Within days of the Taliban takeover, people running the cogs and wheels of the country’s judicial system lost their jobs. There is no place for them in the Sharia legal system.
Many of them, now unemployed, are struggling to provide for their families.
“We have been living in misery for several months,” Moshtari Danesh told Radio Azadi, a radio being run by Afghan journalists in exile. Moshtari has been unable to pay the rent for her home.
Moshtari Danesh is disabled and a woman. She grew up in deeply conservative Afghanistan and overcame great odds to become a prosecutor.
Afghanistan’s former prosecutors like Danesh who worked with the judicial system are reeling from a devastating economic crisis triggered by the Taliban takeover.

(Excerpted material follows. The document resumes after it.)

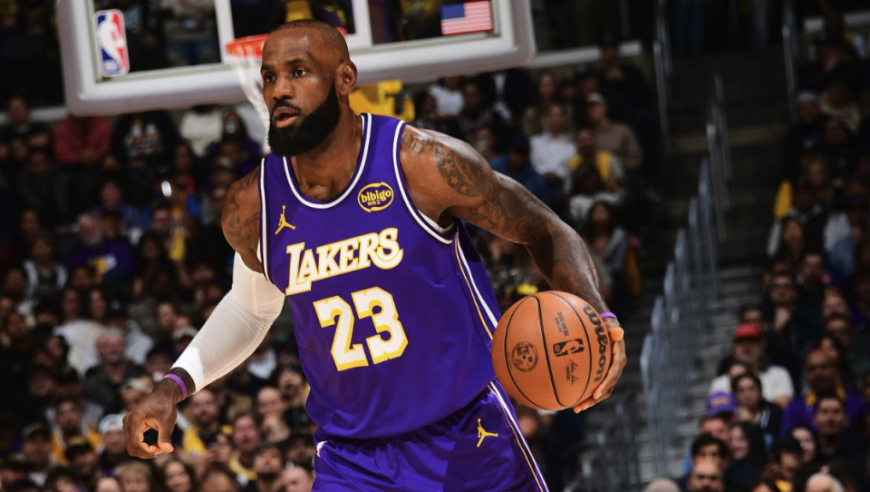 詹姆斯空砍26+9+10！致命失误葬送绝杀机会 湖人关键时刻不败金身被打破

Not just that, they have to hide to save their families and themselves from the very criminals against whom they fought in the courts. The murderers and drug dealers were freed from prisons by the Taliban as soon as they unseated the elected government and took office.
Another such person was Humayun (who only goes by his first name). For years before the collapse of the Afghan government, Humayun was tasked with investigating serious crimes in the southern province of Helmand. Working in a region where most of the world’s opium is grown and processed into heroin, his job often focused on those in Afghanistan’s illegal narcotics trade.
But now, Humayun says he is receiving threats from the criminals he helped to convict. He says they are demanding that he reimburse them for fines they’d paid and property that was confiscated from them as part of their sentencing.
Humayun recently received a call from a former convict from Helmand’s Nad-e Ali district who held him responsible for the dismantling of his drug business. “He told me (that) I am responsible for the confiscation of his car and that I should return it now,” Humayun told Radio Azadi.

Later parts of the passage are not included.